Flashcards on Gas Laws and States of Matter

Gas

Matter that has indefinite shape and volume, very low density, is highly compressible, has a high rate of diffusion and exerts pressure.

Liquid

Matter that has indefinite shape, definite volume, relatively high density, is relatively incompressible, has the ability to diffuse and has surface tension.

Solid

Matter that has definite shape and volume, very high density, is the least compressible, and has a low rate of diffusion.

Amorphous Solid

Solid with random arrangement of particles; examples are glass and plastic.

Crystalline Solid

Solid that exist as single crystal or group of crystals with definite, organized arrangement and very strong attraction; four types are ionic crystals, covalent network, covalent molecular, metallic crystals.

Ionic Crystals

Crystals with ionic bonds, high melting point, good insulators, hard and brittle, not a good conductor (only good in solution), and strong bonds. (Salt)

Covalent Network Crystals

Crystals with strong covalent bonds, high melting point, semi or non-conductors, hard and brittle; arrangement determines properties. Diamond/quartz are good examples.

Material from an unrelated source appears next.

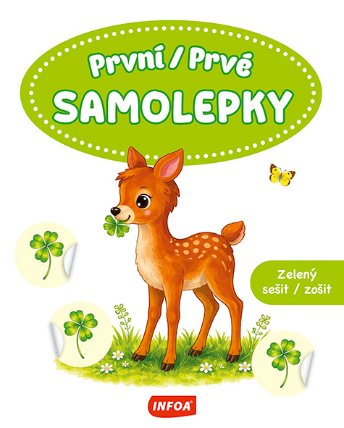 První / Prvé samolepky - Zelený sešit / Zelený zošit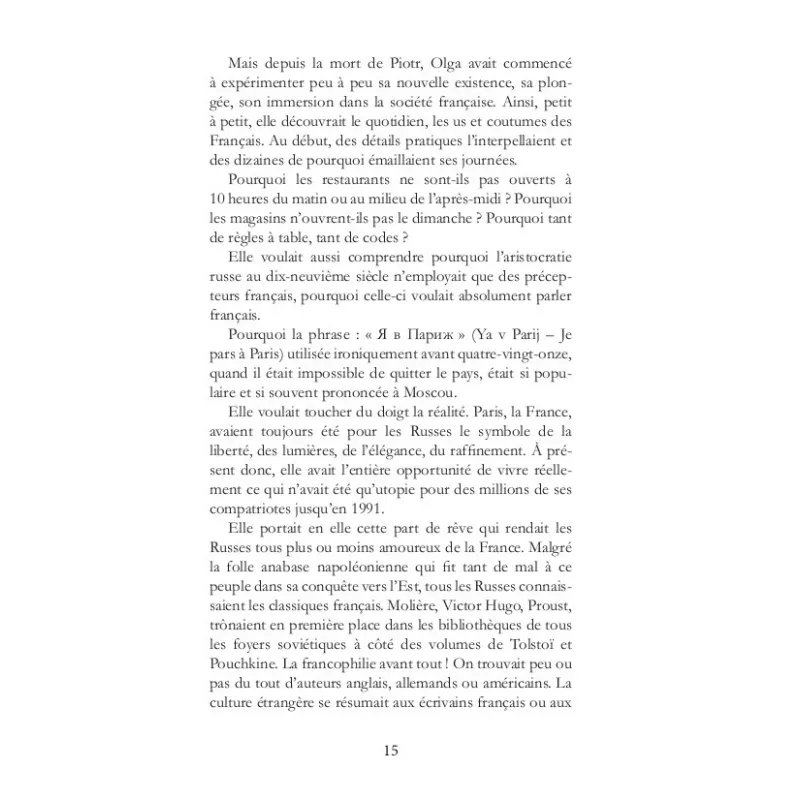 De Moscou à Valbonne, la vie d'Olga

Covalent Molecular Crystals

Crystals held together by intermolecular forces NOT sharing electrons, lower melting/boiling point, good insulators, relatively soft. (ice)

Metallic Crystals

Crystals with metal atoms surrounded by delocalized “sea of electrons”/metallic bonding, very high density, excellent conductors, malleable, ductile, luster.

Sublimation

Change of state from solid to gas.

Deposition

Change of state from gas to solid.

Boiling

Change of state from liquid to gas; escape from entire sample, needs to be heated.

Evaporation

Change of state from liquid to gas; escape from surface only, doesn't need to be heated.

Triple Point

Point on a phase diagram where a substance exists in all three states.

Molar heat of fusion

Energy needed to change substance from solid to liquid.

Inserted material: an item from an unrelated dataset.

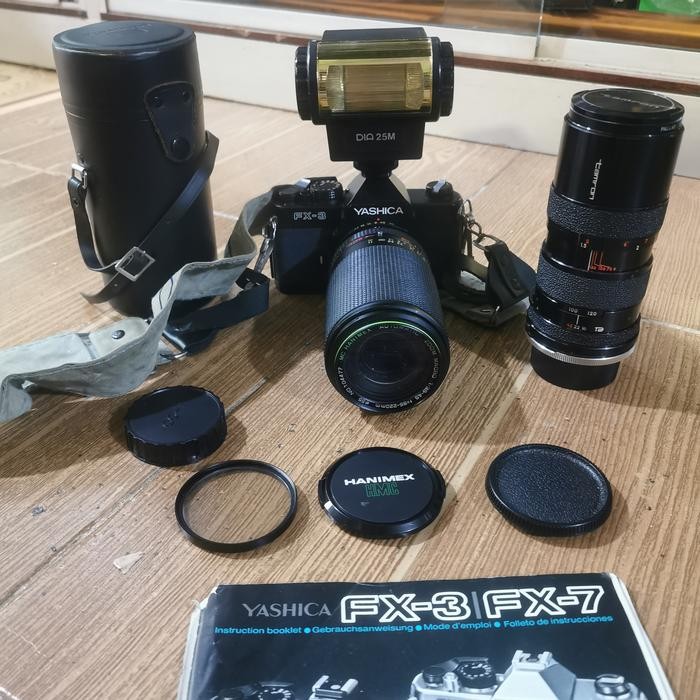 Jual Camera Yashica Fx3 Lensa Tambron Dan Hanimex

Molar heat of vaporization

Energy to change substance from liquid to gas.

Kinetic Molecular Theory

Attempts to explain behavior of an ideal gas; Gases consist of tiny particles, Volume of individual particles is negligible, Particles are in constant, random motion, Force of attraction between is very weak, Collisions are elastic and exert pressure, Kinetic energy is directly proportional to the temperature (in Kelvin) of the gas.

Pressure

Force/Area

STP

Conditions are 1 atm and 273 K and 1 mole of gas at STP = 22.4 L

Boyle’s Law

Pressure and Volume are inversely proportional at constant temperature and moles of gas

Charles's Law

Volume and Temperature are directly proportional at constant pressure and moles of gas; when something is heated, it expands and when something is cooled, it contracts

Amonton’s Law

Pressure and temperature are directly proportional at constant volume and amount of gas

Avogadro’s Law

Volume and # of moles are directly proportional at constant pressure and temperature.

Ideal Gas Law

This law applies to ideal gases; A real gas deviates from ideal gas behavior at very low temperatures and high pressure.

Dalton’s Law of Partial Pressure

The pressure of a mixture of gases is equal to the sum of pressures of the individual gases; A gas’s individual pressure is proportional to the amount of mixture comprises.

Graham’s Law

The rate at which gases effuse or diffuse is inversely proportional to the square root of their densities.